# Lab - Rental Price 
Reference: Dataset was extracted from one of the popular property listing site (updated to Sep 2018)

Exercise: 
1. Try train on all states dataset, then predict the rental based on selected features
2. Try train on only Selangor dataset, then predict the rental based on selected features



In [1]:
import tensorflow as tf
import numpy as np
import pandas as pd
import shutil

## Read dataset


In [2]:
df_orig = pd.read_csv("https://raw.githubusercontent.com/thenghui/trainerdata/master/RentIndexRaw.csv", low_memory=False)
COLUMNS = list(df_orig)
print (COLUMNS)

['ID', 'BuiltUpSize', 'City', 'CreatedDateTime', 'CreatedUser', 'DataSourceID', 'Furnishing', 'Latitude', 'Longitude', 'NoOfBathroom', 'NoOfBedroom', 'NoOfParking', 'Postcode', 'PostedDate', 'PropertyAddress', 'PropertyName', 'PropertyType', 'RentalPerMth', 'SourceUrl', 'State', 'UpdatedDateTime', 'UpdatedUser']


## Preparing dataset 


In [3]:
print('Original dataset: {}'.format(df_orig.shape))

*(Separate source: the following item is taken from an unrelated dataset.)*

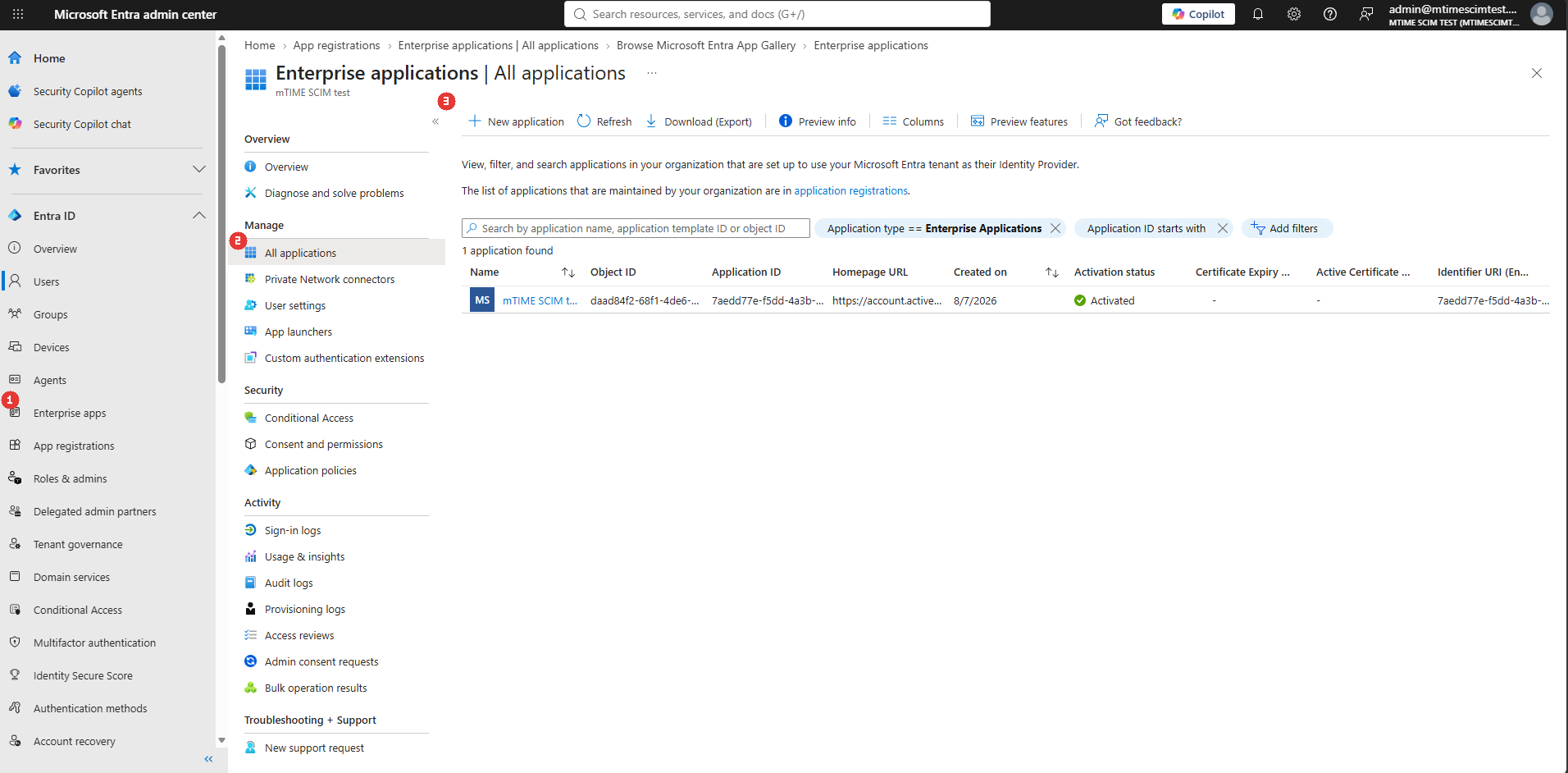 The Enterprise applications list — New application opens the app gallery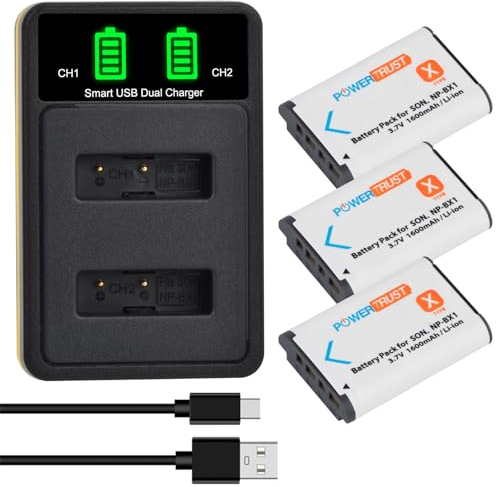 PowerTrust 1600mAh NP-BX1 Akku und Ladegerät für Sony ZV-1, ZV-1F, RX100 IV, RX100 V, RX100ii, RX100VII, HX60, AS50, X3000, HX400V, RX1, AS100V, WX350, HX50, HX90V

df_orig['State'] = df_orig['State'].str.upper()
df_orig['City'] = df_orig['City'].str.upper()
df_orig['PropertyType'] = df_orig['PropertyType'].str.upper()

# Selangor
df_sel = df_orig[(df_orig.State == 'SELANGOR')]
print('Selangor dataset: {}'.format(df_sel.shape))

# KL
df_kul = df_orig[(df_orig.State == 'KUALA-LUMPUR')]
print('KL dataset: {}'.format(df_kul.shape))

# Use Selangor data
# remove rows with zero value
df = df_sel[(df_sel[['BuiltUpSize','RentalPerMth', 'NoOfBedroom']] != 0).all(axis=1)]
                            #'NoOfBathroom', 'NoOfParking']] != 0).all(axis=1)]


print('Wanted dataset: {}'.format(df.shape))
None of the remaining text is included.